SAINTS research focuses on the lifelong safety assurance of increasingly autonomous systems in dynamic and uncertain contexts, building on methodologies and concepts in disciplines spanning AI, safety science, philosophy, law, sociology and health sciences. Research within SAINTS addresses the following two research themes:
- Lifelong safety of AI systems: the need to weave safety assurance from the earliest stages of design through to post-deployment (lifelong) because of the increasingly open and dynamic contexts in which AI-enabled systems are deployed, and;
- Safety of increasingly autonomous AI systems: the need to address the implications of increasing transfers of decision-making functions (autonomy) from humans to AI-enabled machines.
SAINTS doctoral candidates are pursuing their research within multidisciplinary research teams that are focused on ‘grand challenges’ aligned to the CDT. The two grand challenges identified for researchers starting their PhDs in 2024 and 2025 are:
1. Safety of AI-enabled robotics
This grand challenge relates to physically embodied autonomous AI agents, including agents such as self-driving cars, surveillance drones and deep-sea exploration robots. For such systems, AI typically has two roles. First, building a model of the operational context, identifying and assessing objects, e.g., distinguishing static elements such as the sea bed from dynamic ones such as fish, and predicting the movement of the dynamic elements. Second, planning or decision-making, e.g., deciding on a route to meet the system’s goals whilst ensuring safety, including avoiding collisions with other objects. Possible research areas include ensuring robots or drones can navigate within different environments and make real time decisions, demonstrating the safety of AI-based functionality, legal liability of drivers vs vehicle manufacturers, risks around the normalisation of mass surveillance etc.
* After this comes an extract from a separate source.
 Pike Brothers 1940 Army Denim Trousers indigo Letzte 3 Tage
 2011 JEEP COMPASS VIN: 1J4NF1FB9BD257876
2. Safe Human-AI collaboration
This grand challenge will explore how humans and AI-based systems work together towards overall goals in domains such as air traffic services, healthcare, criminal justice, law enforcement and manufacturing. Humans may collaborate with AI-enabled embodied systems, such as robots or vehicles, and/or with stand-alone AI-based decision-support systems, for example, that recommend drug dosages. Possible areas of research include supporting effective human-AI teaming, use of explanations as part of assuring safety, considering responsibility in the case of incidents or accidents, understanding the change in the nature of jobs on safety and operator mental health etc.